FCA tells insurers they must have good oversight of ARs

The Financial Conduct Authority (FCA) has emphasised insurers must have good insight of the appointed representatives (ARs) they work with in regards to the incoming Consumer Duty.

ARs have been a key focus for the regulator over the last year and it is now turning the spotlight on insurers to make sure they are taking responsibility for the sector’s behaviour as well.

FCA director of insurance Matt Brewis told an audience of insurers at an Association of British Insurers webinar that while ARs are used across financial services, the largest number of them sit within insurance.

Brewis acknowledged that ARs act as an important means of promoting competition and ensuring customers can access services cheaply, but there are problems.

He revealed ARs account for more than 60% of the total value of claims made to the Financial Services Compensation Scheme (FSCS) and can also generate up to 400% more supervision cases and complaints than other directly authorised firms.

As a result, insurers will need to be more vigilant.

“We’re publishing new rules around this where we will be expecting them to comply with the new Consumer Duty, as well as our focus on ensuring the principals to the insurers that manage the appointed representatives have better oversight of those firms,” Brewis said.

“So, if you use appointed reps in your business model, we’re expecting you to have that good oversight to ensure they are competent and stable, delivering good outcomes for customers in line with the new Consumer Duty.”

ARs have been a key focus for the regulator since its first proposed tighter controls and greater data sharing on these firms to cut complaints and consumer harm last December.

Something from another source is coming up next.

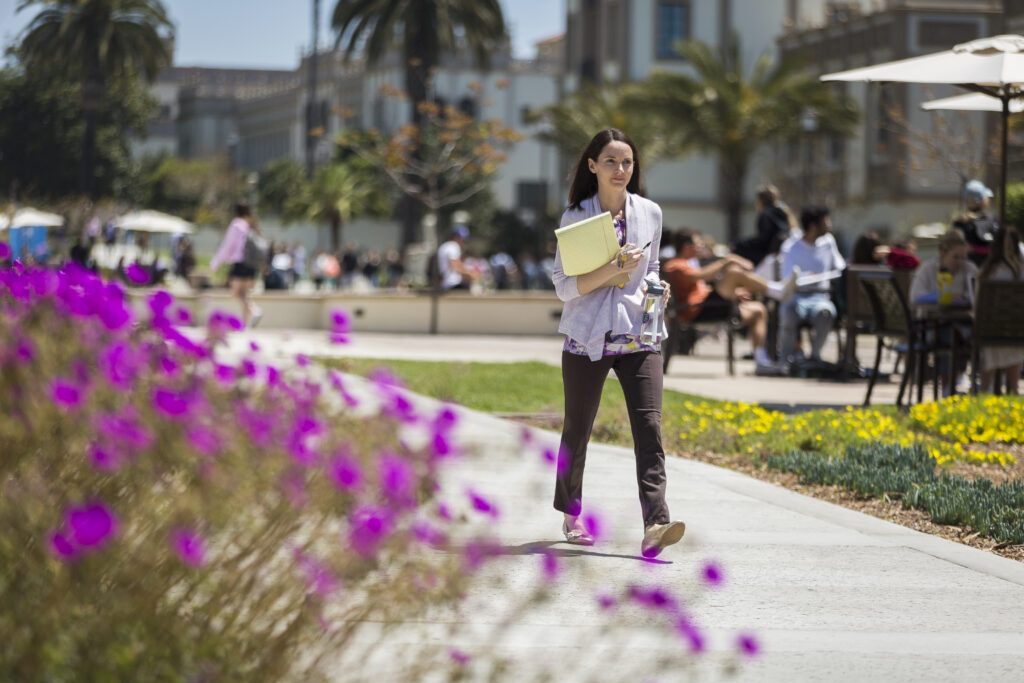 Woman jogging through a sunny urban plaza with purple flowers and palm trees.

Over the summer, the FCA revealed implementing its overhaul of ARs would cost the financial services sector around £7.6m per year.

At the time it also revealed principal firms must investigate the history of their ARs including other principal firms they worked for and why their previous relationship came to an end.

But the regulator also has rejected calls from firms for a 12-month implementation period for its new regime, with firms being given until 8 December to implement the new rules.